Tomorrow is my birthday and the San Antonio Audubon trip out on The Skimmer to see Whooping Cranes.  It’ll be another early day to meet the group for some pre-boat trip birding in Port A and Rockport.

Friday, January 29, 2010 

Packed and leaving for two days in Corpus Christi, Texas.  The kids and spouse will stay at the in-laws and I’m going to spend 2 whole days birding the Corpus area, including a Sunday Whooping Crane trip onboard The Skimmer (Fulton, Texas).   That’s my birthday present to myself .  If you’re gonna get old you might as well enjoy it.  I’ll post details of all the fabulous birds when I get back.  

Thursday, January 28, 2010 

A beautiful Crested Caracara flew overhead yesterday as I got near my house.  They always look so purposeful when they fly.  

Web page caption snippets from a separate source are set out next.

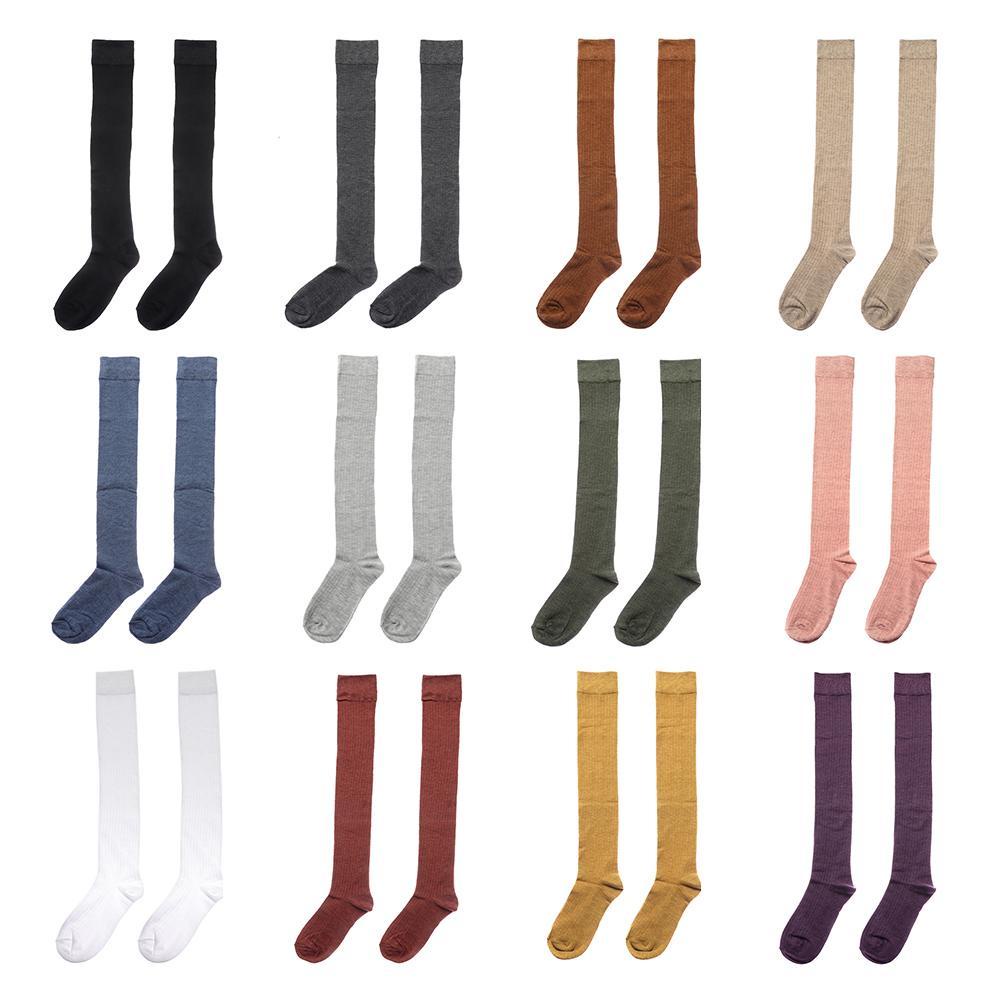 Vớ Dài Qua Gối Màu Trơn Họa Tiết Kẻ Sọc Thời Trang Dành Cho Nữ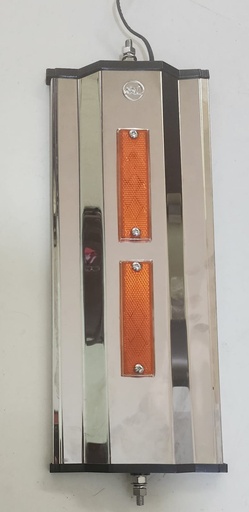 [GS-985] ESPEJO MACK CON LUZ ACERO INOX *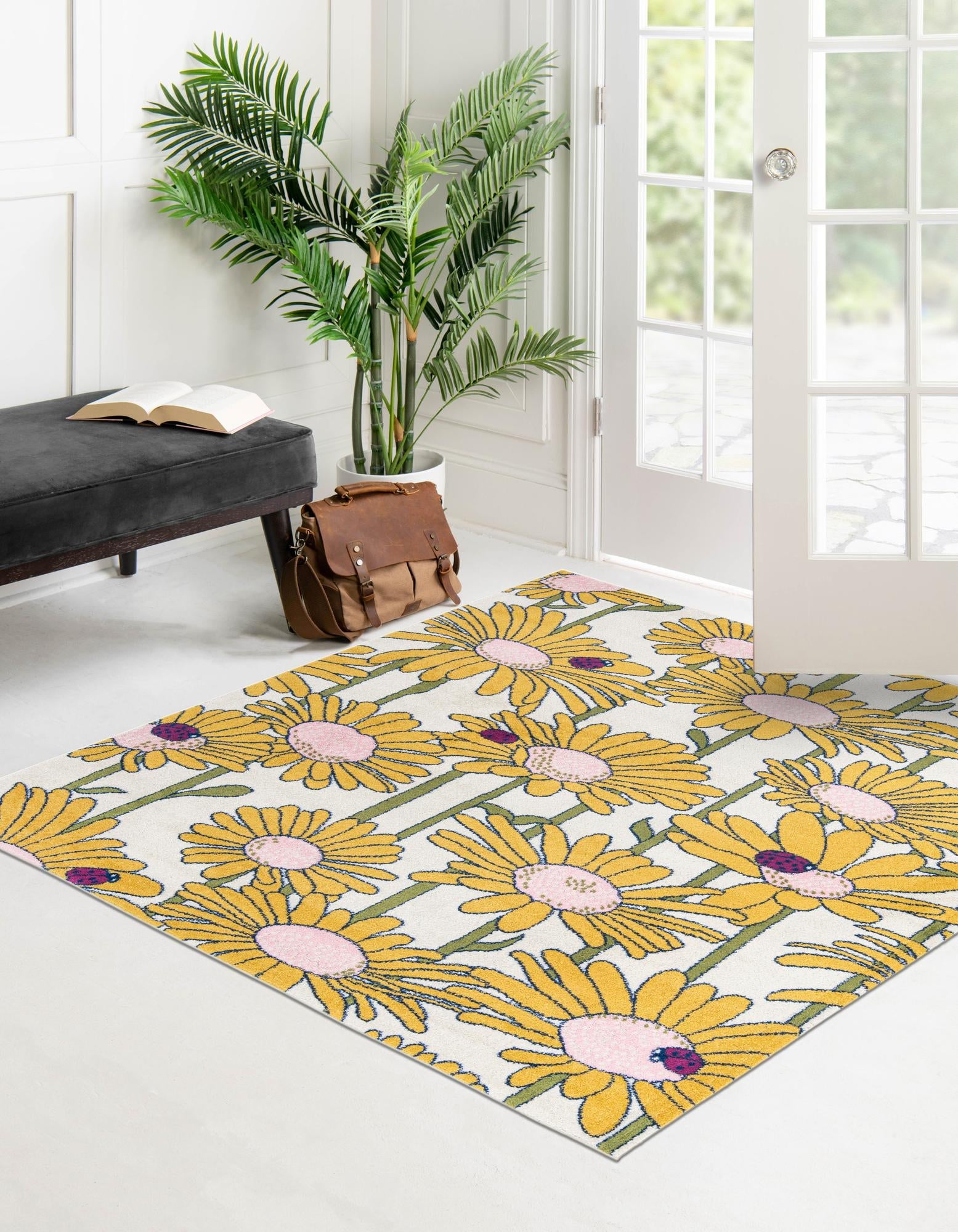 Garden Oasis Collection Area Rug -  Meadow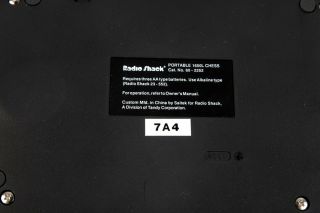Radio Shack Portable Sensory Chess Computer 1650L,  Endorsed by Garry Kasparov 6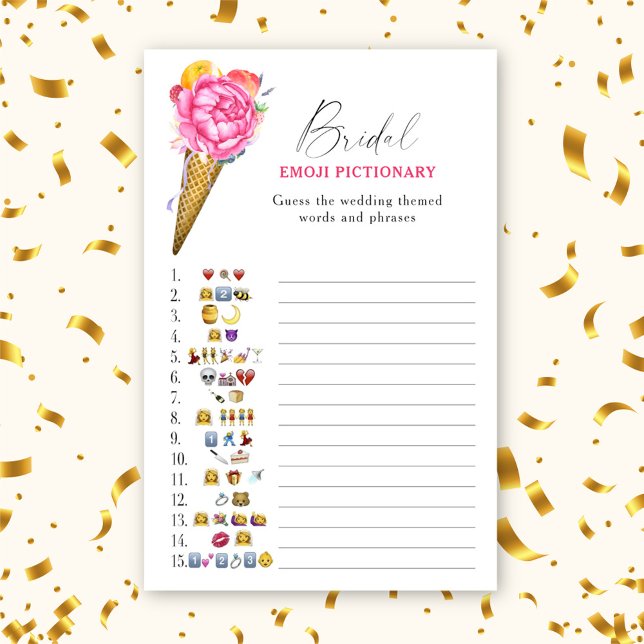 Crème glacée - douche nuptiale émoticônes jeu (Créateur téléchargé)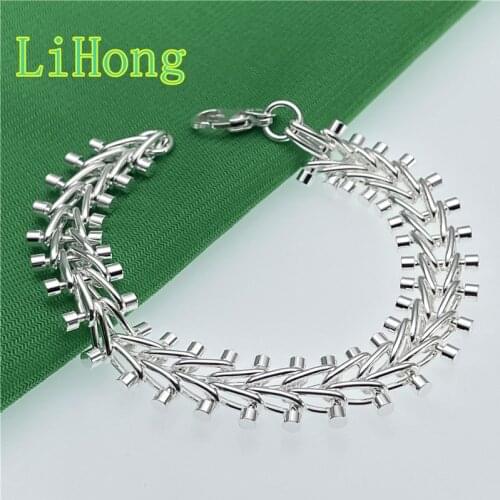 New 925 Sterling Silver Bracelet Fashion Bracelet for Woman & Men Glamour Jewelry Party Gift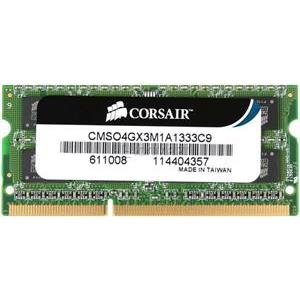 Memorija za notebook DDR3 1333 4GB MHz Corsair Value , SODIMM, CMSO4GX3M1A1333C9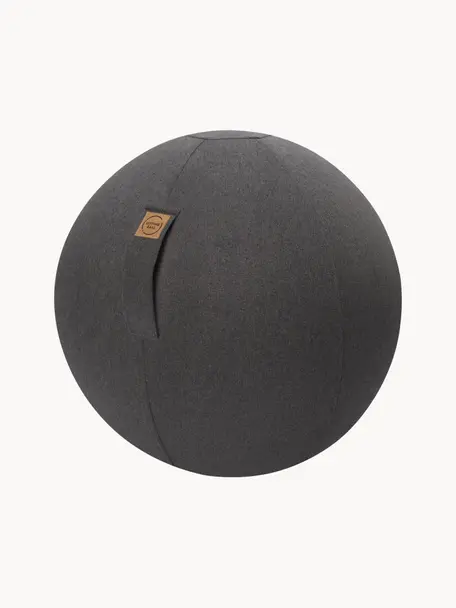 Balón suizo con asa Felt, Funda: poliéster (imitación fiel, Tejido gris antracita, Ø 65 cm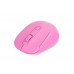 Everest SM-300 Usb Pembe 4D Optik Alkalin Pil Kablosuz Mouse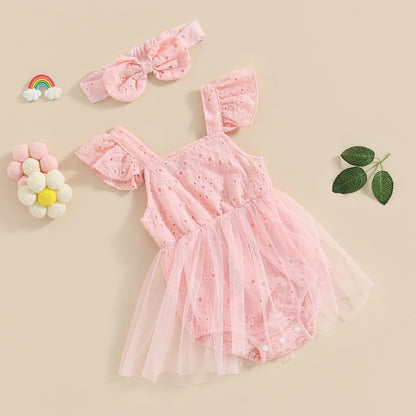 Falda Romper Tul + Diadema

Saturday, January 23, 2010 

I finally got a photo of my Buff-bellied Hummingbird.  For some reason the bird doesn’t seem to be too nervous when I sit on the deck near one of the yard feeders.   The bird is much more nervous up near the house.  I’d spent some long, uncomfortable spells trying to get a shot through my patio door without success, so the photos below were embarrasingly easy to shoot.   Within a few minutes of taking the Buff-bellied photos,  I had an immature male Rufous Hummingbird make an appearance too.   You can see the red coming in on its gorget.  2 female Rufous Hummingbirds were hanging around for a couple of days at Christmas so it’s nice to see the difference in coloration of the males.  These Rufous are actually a life bird, a yard bird, a county bird and a state bird for me all in one.    

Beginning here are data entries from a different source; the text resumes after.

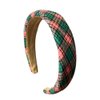 HUANMAYE 6PCS Headband for Women Boho Hair Scarf Sponge Hairbands Fabric Elastic Hair Bands No Slip Wide Headwraps Accessories for Adult Women (Plaid)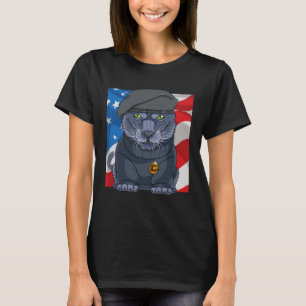 Black History Panther Party Patriotic African Amer T-Shirt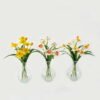 Artificial Flower 25*17*33cm Narcissus in glass ware GS-16823032 Potted Flowers&Plants YeahFlower is one of Chinese leading OEM manufacturers and exporters , supplying the silk flowers, wholesale artificial trees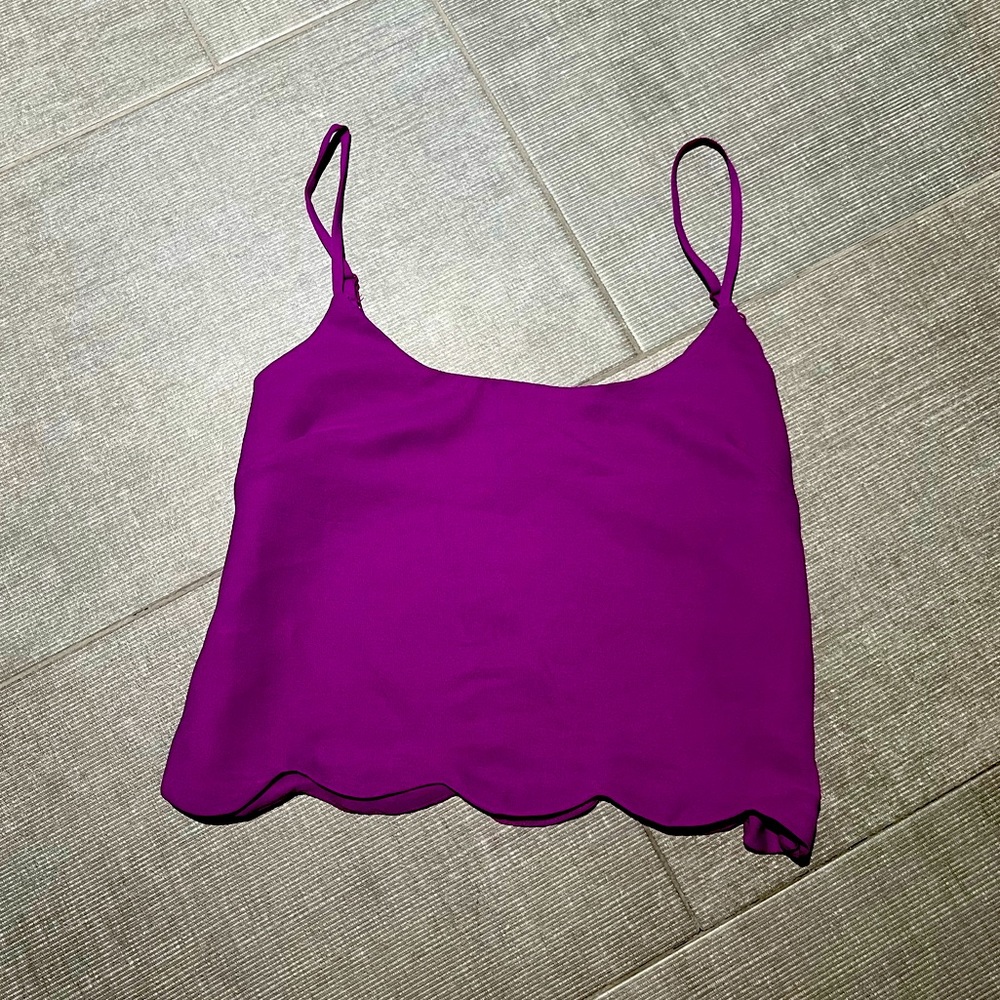 Cropped Purple Tank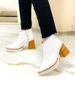 Imagen de Bota Pausini Blanco Lagarto Charol
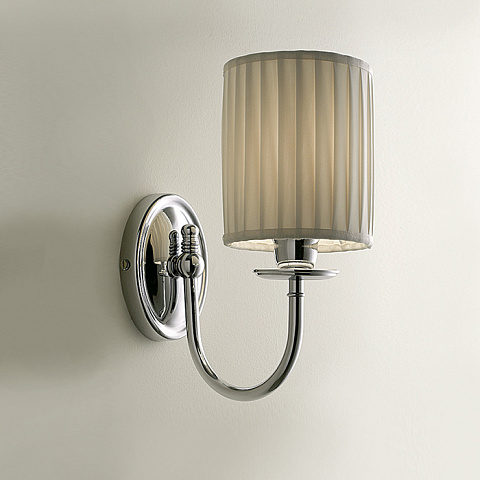 Devon&Devon Devon Jasmine 2 Светильник настенный с абажуром 11,5*21*h27,5cм, IP20, фурнитура: хром, DEJASMINE2CR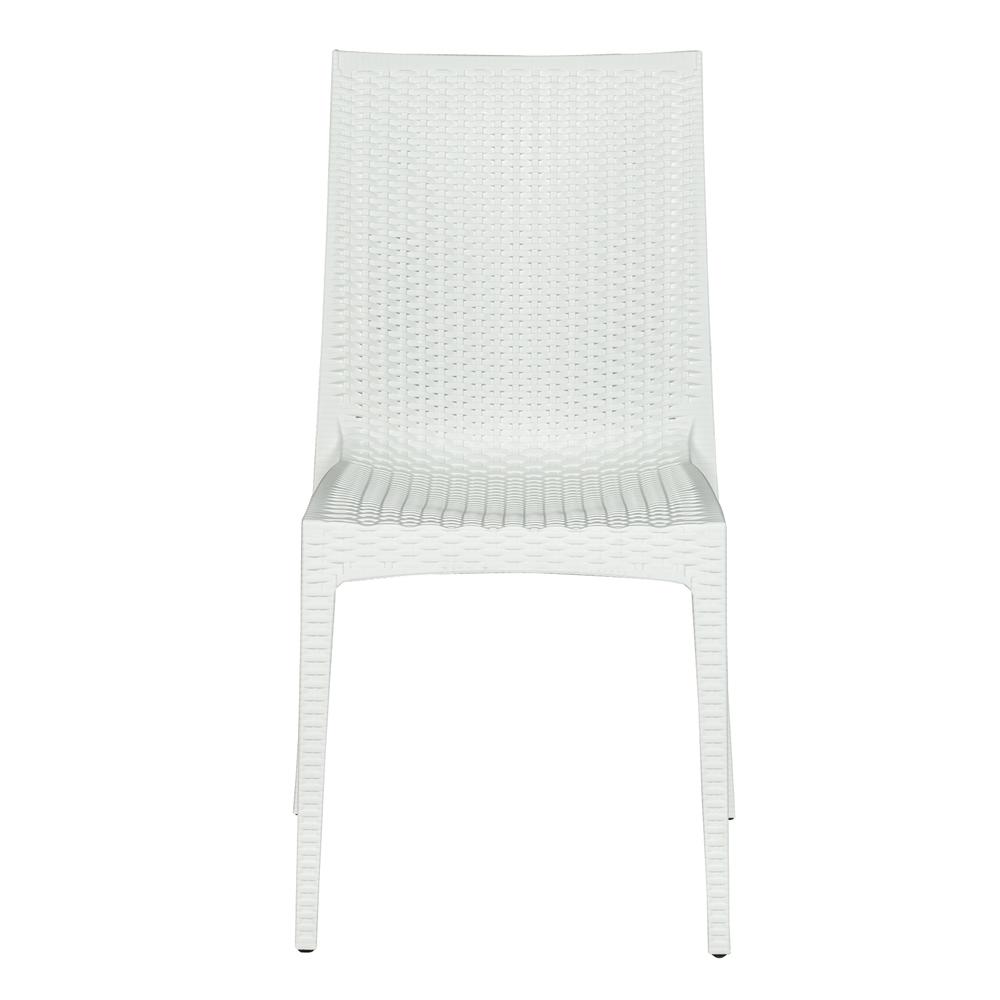Weave Mace Indoor/Outdoor Dining Chair (Armless). Picture 2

Buff-bellied Hummingbird 1-23-10 San Antonio, Texas

Immature male Rufous Hummingbird 01-23-10 San Antonio, Texas

Monday, January 18, 2010 (MLK Day) 

Beautiful mild weather after days of the kind of rain and wind we just don’t expect in South Texas in January.   The feeders and bird baths were very active today.  “My” Buff-bellied Hummingbird continues to buzz around the nectar feeders since coming to stay on December 23rd.  It survived the cold snap and the rains and I hope it will be here for several more weeks before returning to the Rio Grande Valley.  Today’s bird highlights:  Buff-bellied Hummingbird, Lincoln’s Sparrow, American Goldfinch, Lesser Goldfinch, Slate-colored Junco, Eastern Towhee, Bewick’s Wren, Carolina Wren, Orange-crowned Warbler, Ruby-crowned Kinglet, Yellow-rumped Warbler, Black-crested Titmouse, Carolina Chickadee, House Finch, Northern Cardinal (starting to sing too), Golden-fronted Woodpecker, White-winged Dove, Red shouldered Hawk, Cooper’s Hawk, Black Vulture.